# What to do:
Please restate the listing word for word, omitting the images.

___ Information provided ___

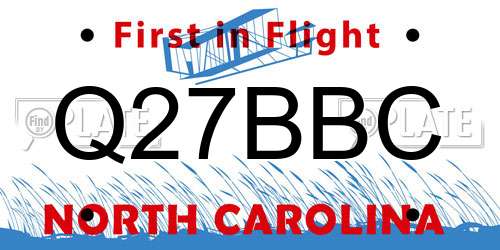 Q27BBC North Carolina License Plate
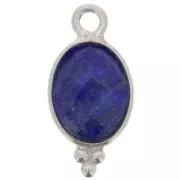 14x7mm 925 Sterling Silver Oval Faceted Charm with Balls - Lapis lazuli x1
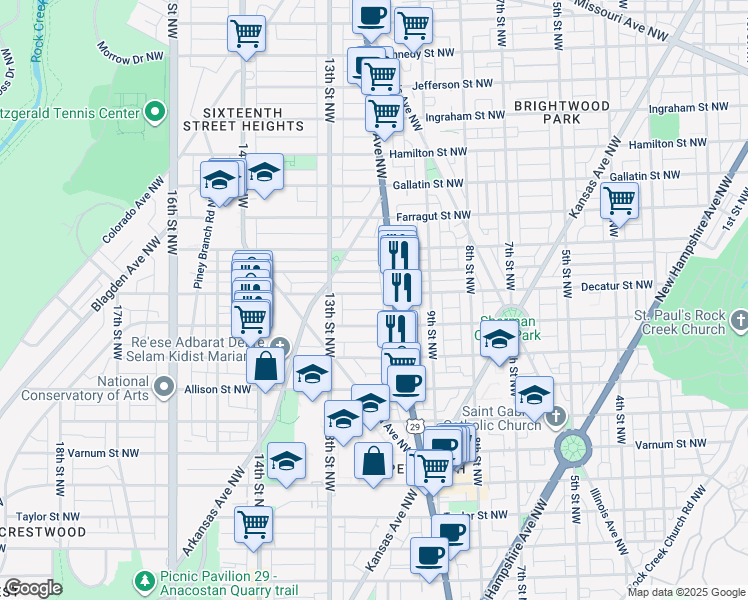 map of restaurants, bars, coffee shops, grocery stores, and more near 1208 Decatur Street Northwest in Washington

___

# Result:
 Q27BBC North Carolina License Plate
 14x7mm 925 Sterling Silver Oval Faceted Charm with Balls - Lapis lazuli x1
 map of restaurants, bars, coffee shops, grocery stores, and more near 1208 Decatur Street Northwest in Washington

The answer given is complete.